In the Middle Ages and through the Renaissance, the Arab world was set to dominate the world for centuries. It had the best scientists, the strongest militaries, the amplest technology, and most importantly, a centrally located geography. So why didn't it? The answer is the printing press. It didn't take advantage of Chinese discoveries in paper and the movable type, which predated printing in the west by a long shot.
It had the right alphabet for printing. Like English yet unlike Chinese, Arabic had a manageable number of characters. It was also fortuitous in being closer than the west to Eastern developments in printing. Surely, it could have borrowed from the Chinese much sooner than Gutenberg did in the 15th century for a press that would eventually revolutionize literacy and learning around the globe.
But its culture was so mired by religious conservatism that printing could never get off the ground. It was seen as blasphemous to write anything about the Koran, which was seen as written by "God"; more value was placed on memorizing it. Thus, the Koran was never distributed the way the Bible was in the west, creating a roadblock for printing that would stifle the communication of ideas in the Middle East.

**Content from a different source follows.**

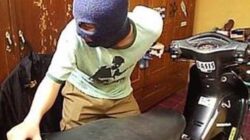 Pencurian Kendaraan Bermotor Spesialis Jamaah Salat Subuh di Ciledug Pencurian Kendaraan Bermotor Spesialis Jamaah Salat Subuh di Ciledug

Gutenberg's printing press allowed communication to flourish in western Europe. And with it came advantages in accounting, politics, law, cartography, teaching, medicine, infrastructure, and the spread of news and ideas that would accelerate prosperity for all its nations. It was fuel for the "Protestant Ethic" that Max Weber believed had motivated western Christians to prosper, a religious counterpart to Islamic stagnation. While the Arab world was clinging to religion, the west embraced a progressive medium, and it never looked back. By the time printing was welcome in the Arab world, it was too late.
Source:
Boorstin, Daniel J. The Discoverers. 1983. Pages 539-547.